PROMPT >>
Type out all the data below, word for word.

:: RECORDS TO PROCESS ::

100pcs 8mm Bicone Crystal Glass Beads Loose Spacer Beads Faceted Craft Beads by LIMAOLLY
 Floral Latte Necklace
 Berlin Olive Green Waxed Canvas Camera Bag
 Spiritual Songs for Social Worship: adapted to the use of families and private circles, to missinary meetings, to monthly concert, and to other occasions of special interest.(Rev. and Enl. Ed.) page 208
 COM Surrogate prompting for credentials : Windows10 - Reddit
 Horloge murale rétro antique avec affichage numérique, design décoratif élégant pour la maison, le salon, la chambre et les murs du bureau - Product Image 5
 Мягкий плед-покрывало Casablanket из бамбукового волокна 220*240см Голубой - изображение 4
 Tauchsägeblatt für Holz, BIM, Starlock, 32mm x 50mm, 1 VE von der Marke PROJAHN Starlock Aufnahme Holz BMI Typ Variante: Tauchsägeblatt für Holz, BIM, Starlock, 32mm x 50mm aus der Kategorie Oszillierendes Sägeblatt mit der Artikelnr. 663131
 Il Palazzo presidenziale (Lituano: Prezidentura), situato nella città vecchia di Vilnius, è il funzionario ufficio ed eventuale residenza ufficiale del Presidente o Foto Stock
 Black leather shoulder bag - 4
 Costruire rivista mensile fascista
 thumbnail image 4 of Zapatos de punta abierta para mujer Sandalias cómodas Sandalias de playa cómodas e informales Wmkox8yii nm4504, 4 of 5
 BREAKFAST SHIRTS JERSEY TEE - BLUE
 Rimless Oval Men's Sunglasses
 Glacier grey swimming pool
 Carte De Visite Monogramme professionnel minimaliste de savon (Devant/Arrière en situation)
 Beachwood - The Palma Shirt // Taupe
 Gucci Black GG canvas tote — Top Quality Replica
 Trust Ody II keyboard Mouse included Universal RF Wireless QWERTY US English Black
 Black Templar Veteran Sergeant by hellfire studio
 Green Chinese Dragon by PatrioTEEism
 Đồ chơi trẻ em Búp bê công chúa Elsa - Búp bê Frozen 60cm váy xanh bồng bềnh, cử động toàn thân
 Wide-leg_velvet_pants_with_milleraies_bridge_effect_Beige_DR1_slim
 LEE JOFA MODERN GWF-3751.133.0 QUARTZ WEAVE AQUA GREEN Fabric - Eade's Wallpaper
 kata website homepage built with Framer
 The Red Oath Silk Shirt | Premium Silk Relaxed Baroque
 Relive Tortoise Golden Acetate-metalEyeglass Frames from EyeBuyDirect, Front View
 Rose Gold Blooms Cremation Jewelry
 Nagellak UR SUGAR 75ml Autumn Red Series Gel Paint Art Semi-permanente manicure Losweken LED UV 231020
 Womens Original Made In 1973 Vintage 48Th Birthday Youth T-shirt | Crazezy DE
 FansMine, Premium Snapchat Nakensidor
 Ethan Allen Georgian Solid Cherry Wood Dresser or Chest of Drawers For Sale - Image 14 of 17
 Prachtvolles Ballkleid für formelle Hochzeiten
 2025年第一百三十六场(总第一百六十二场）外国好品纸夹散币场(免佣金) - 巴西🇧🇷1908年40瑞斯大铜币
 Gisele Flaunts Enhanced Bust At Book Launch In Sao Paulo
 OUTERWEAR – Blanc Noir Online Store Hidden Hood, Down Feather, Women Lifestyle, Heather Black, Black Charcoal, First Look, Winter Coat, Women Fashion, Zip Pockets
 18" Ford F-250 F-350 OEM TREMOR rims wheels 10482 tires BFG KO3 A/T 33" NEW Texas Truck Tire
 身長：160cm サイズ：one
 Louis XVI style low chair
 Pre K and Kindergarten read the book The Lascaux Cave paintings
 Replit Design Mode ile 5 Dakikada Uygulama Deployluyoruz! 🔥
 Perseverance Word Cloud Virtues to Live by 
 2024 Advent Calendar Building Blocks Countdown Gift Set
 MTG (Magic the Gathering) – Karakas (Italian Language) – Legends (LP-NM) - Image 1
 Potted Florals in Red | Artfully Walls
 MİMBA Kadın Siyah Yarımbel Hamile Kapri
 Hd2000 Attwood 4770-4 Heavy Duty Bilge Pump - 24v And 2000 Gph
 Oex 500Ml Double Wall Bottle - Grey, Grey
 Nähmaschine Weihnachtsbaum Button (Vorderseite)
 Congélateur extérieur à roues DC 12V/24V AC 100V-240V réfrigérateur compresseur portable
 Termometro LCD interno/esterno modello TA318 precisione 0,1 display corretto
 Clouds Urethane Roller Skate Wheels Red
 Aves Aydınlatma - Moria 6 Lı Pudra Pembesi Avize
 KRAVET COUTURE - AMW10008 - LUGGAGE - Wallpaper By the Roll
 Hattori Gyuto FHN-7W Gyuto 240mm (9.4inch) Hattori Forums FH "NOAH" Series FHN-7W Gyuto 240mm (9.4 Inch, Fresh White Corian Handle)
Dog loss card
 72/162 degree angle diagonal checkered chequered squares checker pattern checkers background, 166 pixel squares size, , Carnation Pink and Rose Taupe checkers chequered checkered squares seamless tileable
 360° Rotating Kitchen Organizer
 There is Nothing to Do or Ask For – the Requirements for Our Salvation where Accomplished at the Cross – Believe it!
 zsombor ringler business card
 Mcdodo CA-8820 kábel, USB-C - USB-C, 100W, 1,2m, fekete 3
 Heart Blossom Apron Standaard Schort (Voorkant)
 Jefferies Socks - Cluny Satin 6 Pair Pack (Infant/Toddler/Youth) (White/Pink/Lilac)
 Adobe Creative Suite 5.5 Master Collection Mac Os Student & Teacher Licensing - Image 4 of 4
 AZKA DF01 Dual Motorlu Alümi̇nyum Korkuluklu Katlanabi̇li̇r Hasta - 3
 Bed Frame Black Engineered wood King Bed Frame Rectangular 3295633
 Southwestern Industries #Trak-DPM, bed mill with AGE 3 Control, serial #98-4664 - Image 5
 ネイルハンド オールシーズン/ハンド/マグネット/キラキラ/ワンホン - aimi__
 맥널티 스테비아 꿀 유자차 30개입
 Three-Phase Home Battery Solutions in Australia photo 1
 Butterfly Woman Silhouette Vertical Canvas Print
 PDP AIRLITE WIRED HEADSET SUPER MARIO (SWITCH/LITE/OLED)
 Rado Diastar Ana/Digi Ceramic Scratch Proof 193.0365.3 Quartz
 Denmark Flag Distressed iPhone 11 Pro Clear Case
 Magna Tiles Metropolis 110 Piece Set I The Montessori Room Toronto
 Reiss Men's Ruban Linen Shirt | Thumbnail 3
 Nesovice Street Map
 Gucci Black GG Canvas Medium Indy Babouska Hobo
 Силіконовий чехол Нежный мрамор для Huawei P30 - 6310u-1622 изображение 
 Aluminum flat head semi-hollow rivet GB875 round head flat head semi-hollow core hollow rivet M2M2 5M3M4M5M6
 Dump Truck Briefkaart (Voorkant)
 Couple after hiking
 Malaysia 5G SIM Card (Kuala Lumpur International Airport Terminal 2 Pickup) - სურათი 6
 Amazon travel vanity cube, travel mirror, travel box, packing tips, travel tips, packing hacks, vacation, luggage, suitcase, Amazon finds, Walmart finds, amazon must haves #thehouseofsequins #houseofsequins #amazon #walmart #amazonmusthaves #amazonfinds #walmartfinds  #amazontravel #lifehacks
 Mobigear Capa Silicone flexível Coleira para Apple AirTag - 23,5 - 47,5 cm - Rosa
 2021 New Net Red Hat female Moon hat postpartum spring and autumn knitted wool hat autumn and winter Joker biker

:::

RESPONSE >>
100pcs 8mm Bicone Crystal Glass Beads Loose Spacer Beads Faceted Craft Beads by LIMAOLLY
 Floral Latte Necklace
 Berlin Olive Green Waxed Canvas Camera Bag
 Spiritual Songs for Social Worship: adapted to the use of families and private circles, to missinary meetings, to monthly concert, and to other occasions of special interest.(Rev. and Enl. Ed.) page 208
 COM Surrogate prompting for credentials : Windows10 - Reddit
 Horloge murale rétro antique avec affichage numérique, design décoratif élégant pour la maison, le salon, la chambre et les murs du bureau - Product Image 5
 Мягкий плед-покрывало Casablanket из бамбукового волокна 220*240см Голубой - изображение 4
 Tauchsägeblatt für Holz, BIM, Starlock, 32mm x 50mm, 1 VE von der Marke PROJAHN Starlock Aufnahme Holz BMI Typ Variante: Tauchsägeblatt für Holz, BIM, Starlock, 32mm x 50mm aus der Kategorie Oszillierendes Sägeblatt mit der Artikelnr. 663131
 Il Palazzo presidenziale (Lituano: Prezidentura), situato nella città vecchia di Vilnius, è il funzionario ufficio ed eventuale residenza ufficiale del Presidente o Foto Stock
 Black leather shoulder bag - 4
 Costruire rivista mensile fascista
 thumbnail image 4 of Zapatos de punta abierta para mujer Sandalias cómodas Sandalias de playa cómodas e informales Wmkox8yii nm4504, 4 of 5
 BREAKFAST SHIRTS JERSEY TEE - BLUE
 Rimless Oval Men's Sunglasses
 Glacier grey swimming pool
 Carte De Visite Monogramme professionnel minimaliste de savon (Devant/Arrière en situation)
 Beachwood - The Palma Shirt // Taupe
 Gucci Black GG canvas tote — Top Quality Replica
 Trust Ody II keyboard Mouse included Universal RF Wireless QWERTY US English Black
 Black Templar Veteran Sergeant by hellfire studio
 Green Chinese Dragon by PatrioTEEism
 Đồ chơi trẻ em Búp bê công chúa Elsa - Búp bê Frozen 60cm váy xanh bồng bềnh, cử động toàn thân
 Wide-leg_velvet_pants_with_milleraies_bridge_effect_Beige_DR1_slim
 LEE JOFA MODERN GWF-3751.133.0 QUARTZ WEAVE AQUA GREEN Fabric - Eade's Wallpaper
 kata website homepage built with Framer
 The Red Oath Silk Shirt | Premium Silk Relaxed Baroque
 Relive Tortoise Golden Acetate-metalEyeglass Frames from EyeBuyDirect, Front View
 Rose Gold Blooms Cremation Jewelry
 Nagellak UR SUGAR 75ml Autumn Red Series Gel Paint Art Semi-permanente manicure Losweken LED UV 231020
 Womens Original Made In 1973 Vintage 48Th Birthday Youth T-shirt | Crazezy DE
 FansMine, Premium Snapchat Nakensidor
 Ethan Allen Georgian Solid Cherry Wood Dresser or Chest of Drawers For Sale - Image 14 of 17
 Prachtvolles Ballkleid für formelle Hochzeiten
 2025年第一百三十六场(总第一百六十二场）外国好品纸夹散币场(免佣金) - 巴西🇧🇷1908年40瑞斯大铜币
 Gisele Flaunts Enhanced Bust At Book Launch In Sao Paulo
 OUTERWEAR – Blanc Noir Online Store Hidden Hood, Down Feather, Women Lifestyle, Heather Black, Black Charcoal, First Look, Winter Coat, Women Fashion, Zip Pockets
 18" Ford F-250 F-350 OEM TREMOR rims wheels 10482 tires BFG KO3 A/T 33" NEW Texas Truck Tire
 身長：160cm サイズ：one
 Louis XVI style low chair
 Pre K and Kindergarten read the book The Lascaux Cave paintings
 Replit Design Mode ile 5 Dakikada Uygulama Deployluyoruz! 🔥
 Perseverance Word Cloud Virtues to Live by 
 2024 Advent Calendar Building Blocks Countdown Gift Set
 MTG (Magic the Gathering) – Karakas (Italian Language) – Legends (LP-NM) - Image 1
 Potted Florals in Red | Artfully Walls
 MİMBA Kadın Siyah Yarımbel Hamile Kapri
 Hd2000 Attwood 4770-4 Heavy Duty Bilge Pump - 24v And 2000 Gph
 Oex 500Ml Double Wall Bottle - Grey, Grey
 Nähmaschine Weihnachtsbaum Button (Vorderseite)
 Congélateur extérieur à roues DC 12V/24V AC 100V-240V réfrigérateur compresseur portable
 Termometro LCD interno/esterno modello TA318 precisione 0,1 display corretto
 Clouds Urethane Roller Skate Wheels Red
 Aves Aydınlatma - Moria 6 Lı Pudra Pembesi Avize
 KRAVET COUTURE - AMW10008 - LUGGAGE - Wallpaper By the Roll
 Hattori Gyuto FHN-7W Gyuto 240mm (9.4inch) Hattori Forums FH "NOAH" Series FHN-7W Gyuto 240mm (9.4 Inch, Fresh White Corian Handle)
Dog loss card
 72/162 degree angle diagonal checkered chequered squares checker pattern checkers background, 166 pixel squares size, , Carnation Pink and Rose Taupe checkers chequered checkered squares seamless tileable
 360° Rotating Kitchen Organizer
 There is Nothing to Do or Ask For – the Requirements for Our Salvation where Accomplished at the Cross – Believe it!
 zsombor ringler business card
 Mcdodo CA-8820 kábel, USB-C - USB-C, 100W, 1,2m, fekete 3
 Heart Blossom Apron Standaard Schort (Voorkant)
 Jefferies Socks - Cluny Satin 6 Pair Pack (Infant/Toddler/Youth) (White/Pink/Lilac)
 Adobe Creative Suite 5.5 Master Collection Mac Os Student & Teacher Licensing - Image 4 of 4
 AZKA DF01 Dual Motorlu Alümi̇nyum Korkuluklu Katlanabi̇li̇r Hasta - 3
 Bed Frame Black Engineered wood King Bed Frame Rectangular 3295633
 Southwestern Industries #Trak-DPM, bed mill with AGE 3 Control, serial #98-4664 - Image 5
 ネイルハンド オールシーズン/ハンド/マグネット/キラキラ/ワンホン - aimi__
 맥널티 스테비아 꿀 유자차 30개입
 Three-Phase Home Battery Solutions in Australia photo 1
 Butterfly Woman Silhouette Vertical Canvas Print
 PDP AIRLITE WIRED HEADSET SUPER MARIO (SWITCH/LITE/OLED)
 Rado Diastar Ana/Digi Ceramic Scratch Proof 193.0365.3 Quartz
 Denmark Flag Distressed iPhone 11 Pro Clear Case
 Magna Tiles Metropolis 110 Piece Set I The Montessori Room Toronto
 Reiss Men's Ruban Linen Shirt | Thumbnail 3
 Nesovice Street Map
 Gucci Black GG Canvas Medium Indy Babouska Hobo
 Силіконовий чехол Нежный мрамор для Huawei P30 - 6310u-1622 изображение 
 Aluminum flat head semi-hollow rivet GB875 round head flat head semi-hollow core hollow rivet M2M2 5M3M4M5M6
 Dump Truck Briefkaart (Voorkant)
 Couple after hiking
 Malaysia 5G SIM Card (Kuala Lumpur International Airport Terminal 2 Pickup) - სურათი 6
 Amazon travel vanity cube, travel mirror, travel box, packing tips, travel tips, packing hacks, vacation, luggage, suitcase, Amazon finds, Walmart finds, amazon must haves #thehouseofsequins #houseofsequins #amazon #walmart #amazonmusthaves #amazonfinds #walmartfinds  #amazontravel #lifehacks
 Mobigear Capa Silicone flexível Coleira para Apple AirTag - 23,5 - 47,5 cm - Rosa
 2021 New Net Red Hat female Moon hat postpartum spring and autumn knitted wool hat autumn and winter Joker biker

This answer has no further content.